CLEVELAND, OH – The Lake Erie Monsters won their first Calder Cup on Saturday night, defeating the Hershey Bears, 1-0 in overtime, in Game 4 of the American Hockey League’s championship series at a sold-out Quicken Loans Arena.

Oliver Bjorkstrand scored with 1.9 seconds left in the first overtime period as the Monsters finished off the Bears, four games to none. Lake Erie completed its postseason run with 15 wins in 17 games, the best record ever for a team requiring four playoff rounds.

Bjorkstrand, a 21-year-old rookie and a third-round selection by Columbus in the 2013 NHL Entry Draft, was awarded the Jack A. Butterfield Trophy as the MVP in the Calder Cup Playoffs after totaling 10 goals and six assists for 16 points in 17 games. Bjorkstrand tied an AHL record with six game-winning goals and set a new mark with three overtime goals in a single postseason.

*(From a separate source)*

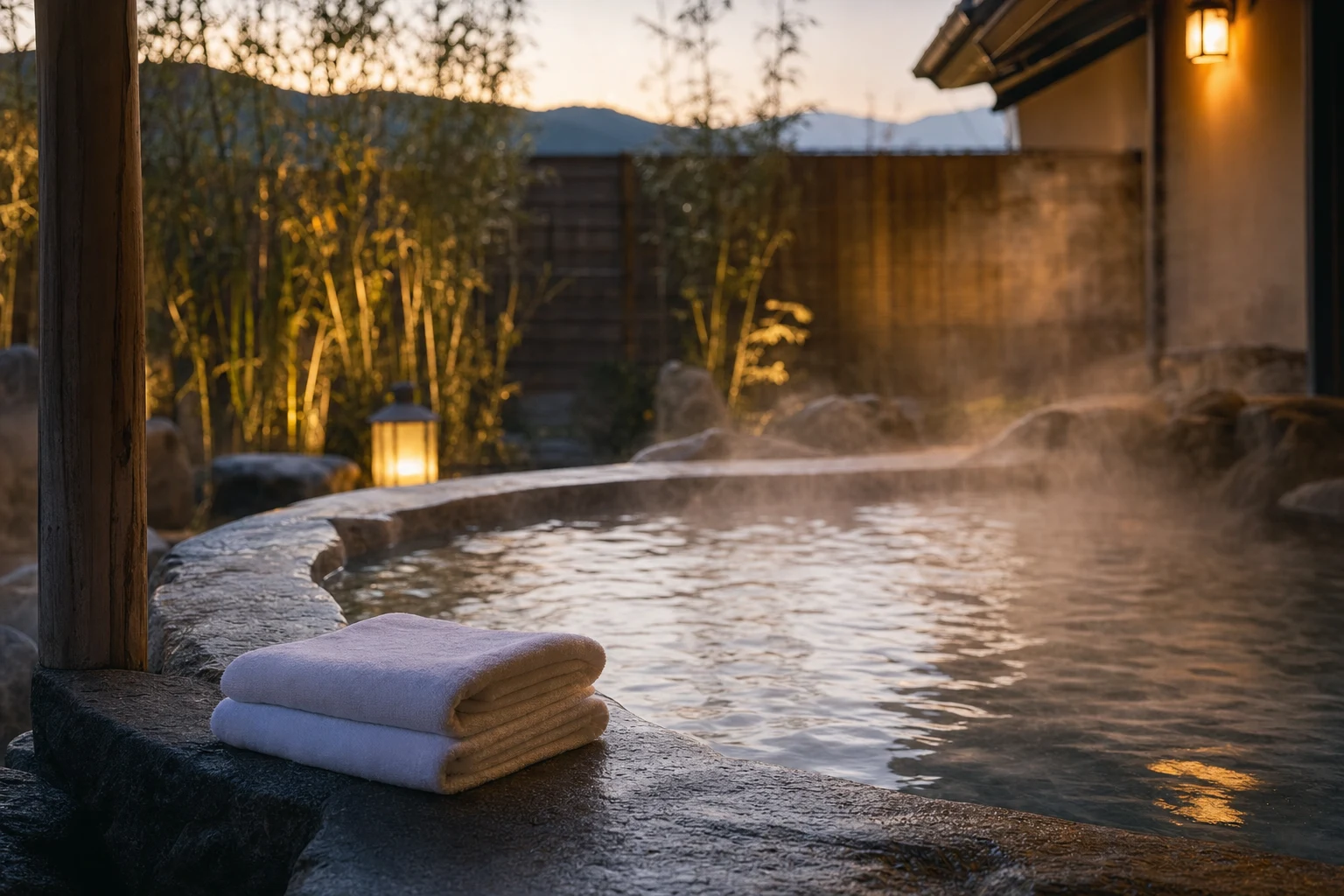 夕暮れの温泉旅館の露天風呂と、湯船の縁に置かれたタオル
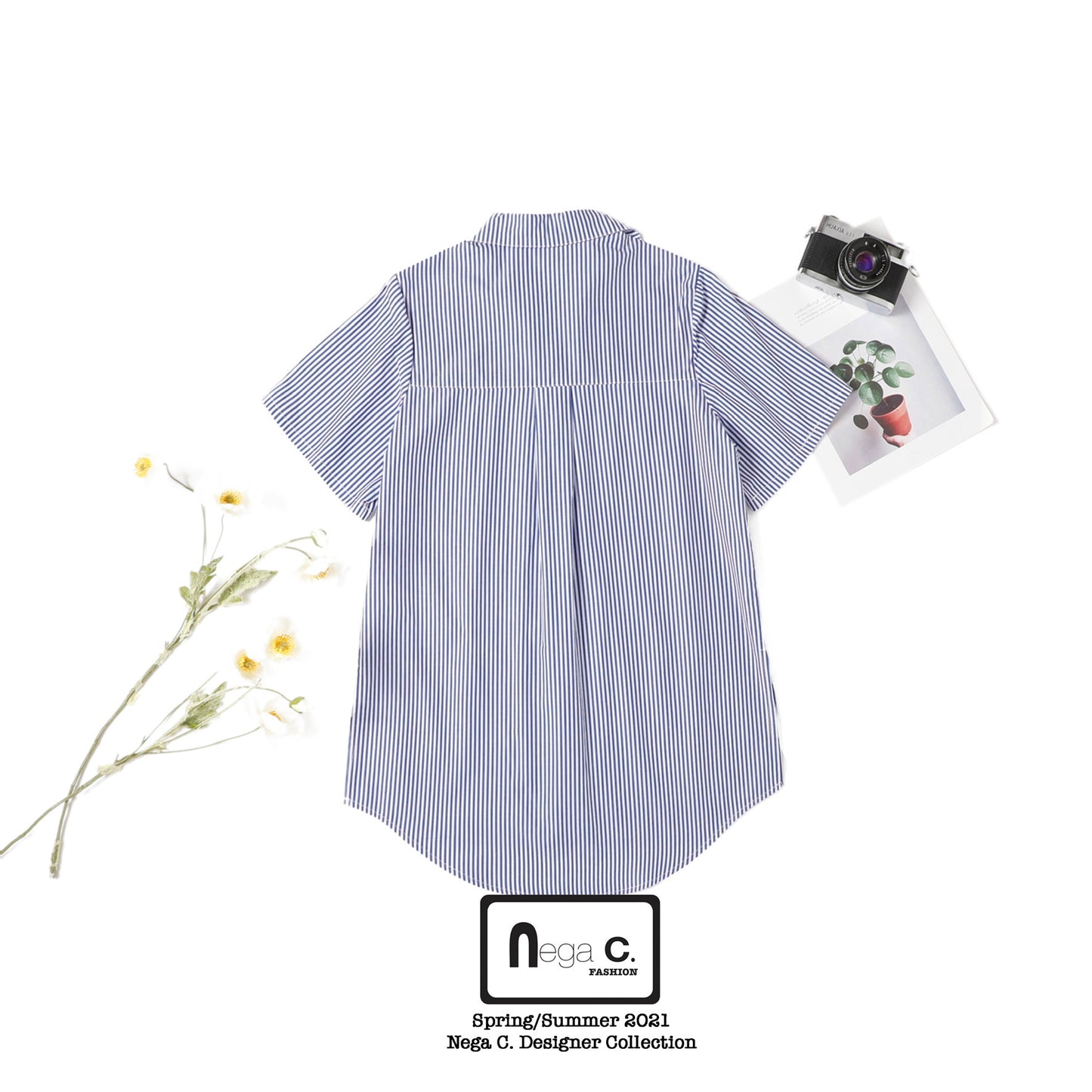 Nega C. เสื้อเชิ้ต Colorblock ลายทางยาว | น้ำเงินเข้ม |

Monsters Captain Ryan Craig skates the Calder Cup after their game 4 victory Saturday night. Photo Courtesy: AHL
Monsters Captain Ryan Craig skates the Calder Cup after their game 4 victory Saturday night. Photo Courtesy: AHL

Anton Forsberg, who made 23 saves in the Game 4 shutout, finished the postseason with a 9-0 record in his 10 appearances, a 1.34 goals-against average and a .949 save percentage.

In their first season as the top development team of the NHL’s Columbus Blue Jackets, the Monsters followed up their second-place finish in the Central Division (43-22-6-5, 97 points, .638) with series wins over the Rockford IceHogs (3-0), the Grand Rapids Griffins (4-2) and the Ontario Reign (4-0) before sweeping Hershey in the Finals. Including their final 11 regular-season contests, Lake Erie went 24-4 over its final 28 games in 2015-16 en route to winning the 10th Calder Cup ever for the city of Cleveland; the original Cleveland Barons won nine titles in their existence from 1936-72, the last coming in 1964.

Attendance at Quicken Loans Arena on Saturday night was 19,665, the largest crowd ever to see a professional hockey game in the state of Ohio and the second-largest postseason crowd in American Hockey League history.